A team of health equity researchers from several institutions has leveraged a complex web of data to test a hypothesis: That structural racism is associated with resources and structures at the neighborhood level that are closely associated with poor health. What they found in an analysis of highly localized, community-level data illustrates how racism is deeply interrelated with poor health outcomes.
Dinushika Mohottige, M.D., assistant professor of population science and policy, and medicine (nephrology), at the Icahn School of Medicine at Mount Sinai, in New York City, served as first author of the paper, which describes how neighborhood prevalence of chronic kidney disease, diabetes and hypertension are strongly associated with an increased burden of structural racism indicators.

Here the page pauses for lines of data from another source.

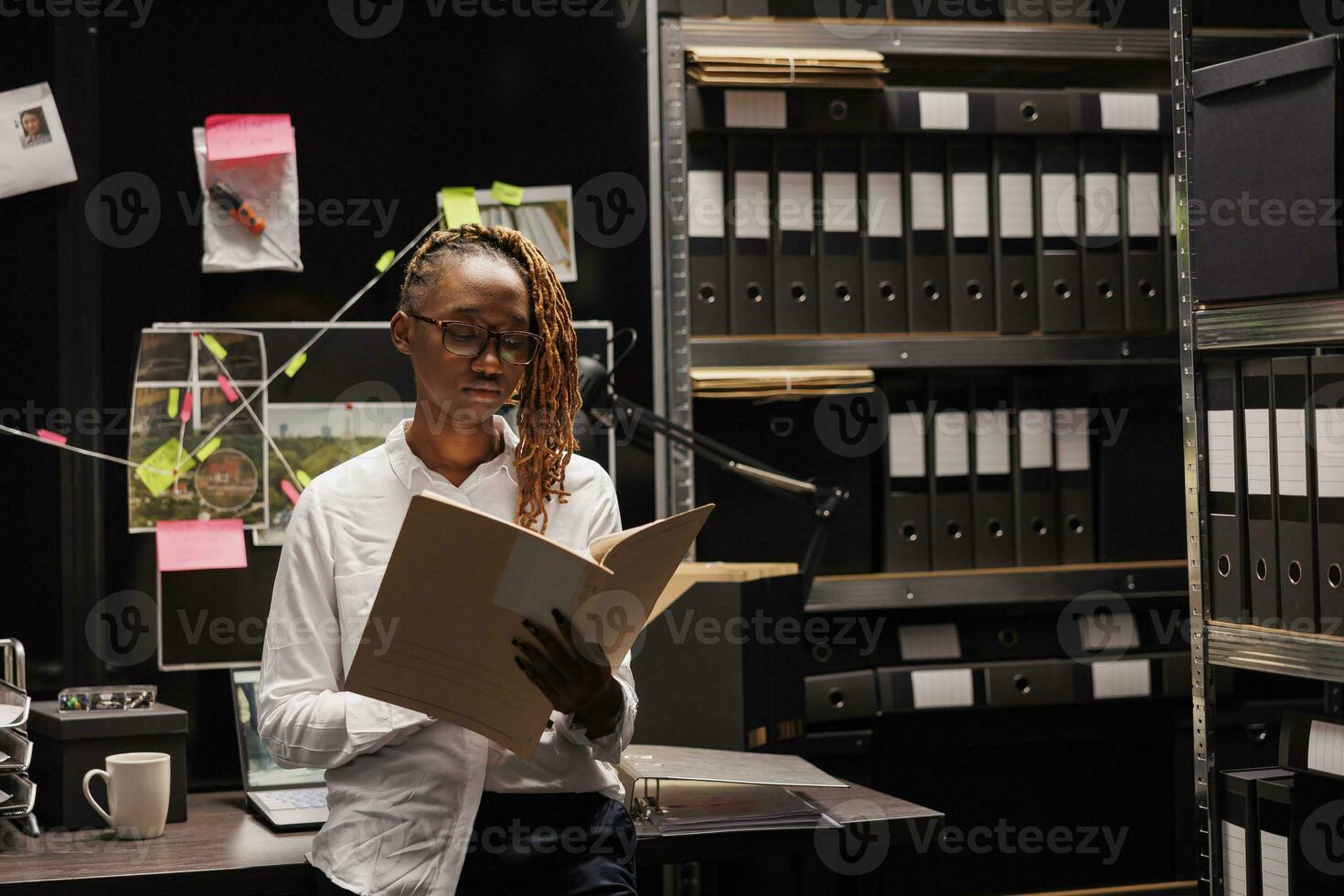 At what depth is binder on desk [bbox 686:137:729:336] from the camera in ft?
7.54

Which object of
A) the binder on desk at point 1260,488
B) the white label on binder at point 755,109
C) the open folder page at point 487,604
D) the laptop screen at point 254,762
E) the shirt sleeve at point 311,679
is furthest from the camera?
the white label on binder at point 755,109

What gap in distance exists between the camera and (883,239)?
237cm

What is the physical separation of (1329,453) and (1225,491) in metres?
0.18

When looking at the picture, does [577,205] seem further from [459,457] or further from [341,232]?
[459,457]

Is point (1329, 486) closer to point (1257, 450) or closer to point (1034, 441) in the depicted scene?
point (1257, 450)

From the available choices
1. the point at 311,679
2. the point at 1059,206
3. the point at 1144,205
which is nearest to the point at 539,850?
the point at 311,679

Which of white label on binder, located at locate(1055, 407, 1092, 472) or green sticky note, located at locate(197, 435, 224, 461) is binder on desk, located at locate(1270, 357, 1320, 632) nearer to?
white label on binder, located at locate(1055, 407, 1092, 472)

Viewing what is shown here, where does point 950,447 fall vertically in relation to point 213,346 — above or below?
below

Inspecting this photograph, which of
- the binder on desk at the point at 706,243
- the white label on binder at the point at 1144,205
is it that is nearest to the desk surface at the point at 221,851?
the binder on desk at the point at 706,243

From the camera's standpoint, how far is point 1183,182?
6.31ft

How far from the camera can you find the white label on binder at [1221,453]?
6.10ft

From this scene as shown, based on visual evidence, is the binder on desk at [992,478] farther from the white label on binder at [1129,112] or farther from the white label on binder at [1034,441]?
the white label on binder at [1129,112]

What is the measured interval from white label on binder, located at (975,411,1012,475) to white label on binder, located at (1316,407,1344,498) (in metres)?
0.73

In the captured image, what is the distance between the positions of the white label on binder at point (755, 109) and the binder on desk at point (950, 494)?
57cm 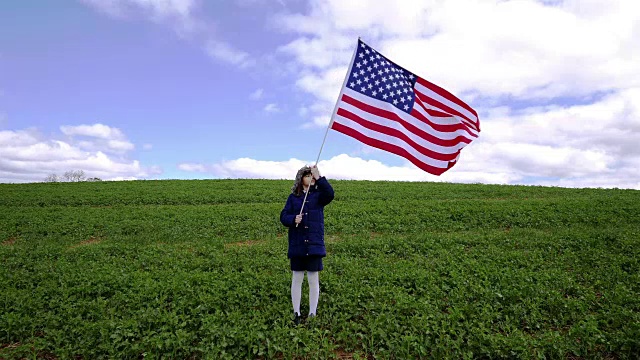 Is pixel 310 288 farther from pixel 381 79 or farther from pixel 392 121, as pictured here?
pixel 381 79

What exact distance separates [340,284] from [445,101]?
4.85m

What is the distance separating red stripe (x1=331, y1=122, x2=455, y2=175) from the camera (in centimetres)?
823

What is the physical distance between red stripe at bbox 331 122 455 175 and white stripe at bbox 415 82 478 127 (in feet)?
3.69

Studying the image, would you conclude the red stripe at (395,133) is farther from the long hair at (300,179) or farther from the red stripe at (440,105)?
the long hair at (300,179)

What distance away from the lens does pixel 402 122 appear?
8.62 meters

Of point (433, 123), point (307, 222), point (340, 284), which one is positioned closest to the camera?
point (307, 222)

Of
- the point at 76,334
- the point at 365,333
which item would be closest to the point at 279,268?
the point at 365,333

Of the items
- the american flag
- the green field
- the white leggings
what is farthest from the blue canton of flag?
the green field

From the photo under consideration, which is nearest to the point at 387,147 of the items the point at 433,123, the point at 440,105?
the point at 433,123

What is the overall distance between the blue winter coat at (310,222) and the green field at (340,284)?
4.83 ft

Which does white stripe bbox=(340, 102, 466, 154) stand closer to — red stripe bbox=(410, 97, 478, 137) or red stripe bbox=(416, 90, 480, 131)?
red stripe bbox=(410, 97, 478, 137)

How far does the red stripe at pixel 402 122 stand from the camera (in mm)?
8352

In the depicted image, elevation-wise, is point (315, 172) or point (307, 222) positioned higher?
point (315, 172)

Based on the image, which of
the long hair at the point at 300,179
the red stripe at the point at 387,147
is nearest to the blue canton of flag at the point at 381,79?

The research team conducted an observational cross-sectional study in Durham County, North Carolina, using public data sources and deidentified electronic health records to explore how a comprehensive collection of data points associate the presence of structural racism and the neighborhood prevalence of these three chronic health conditions.
They collaborated with colleagues from Duke University, the University of North Carolina at Chapel Hill, North Carolina State University and the Feinstein Institutes for Medical Research.
In the paper, the authors explained that structural racism is defined as how societies foster discrimination through a series of systems that are reinforcing, such as housing, education and unemployment.
“These systems cascade into discriminatory beliefs, values and the distribution of resources,” Boulware said. “Dr. Mohottige and I agreed it was important to tap the unusual data assets available in Durham to learn how we can improve the health of communities and individuals by identifying the factors that may affect their health the most. Our goal was to use the data to help us identify possible interventions.”
“Data which measure health outcomes such as kidney disease and diabetes - and which also measure social determinants of health, including information on the built environment and reported neighborhood violence - help us understand how the conditions where people live affect their well-being,” she said. “This is especially true for groups that, because of their race or ethnicity, historically experience worse health outcomes when compared to others.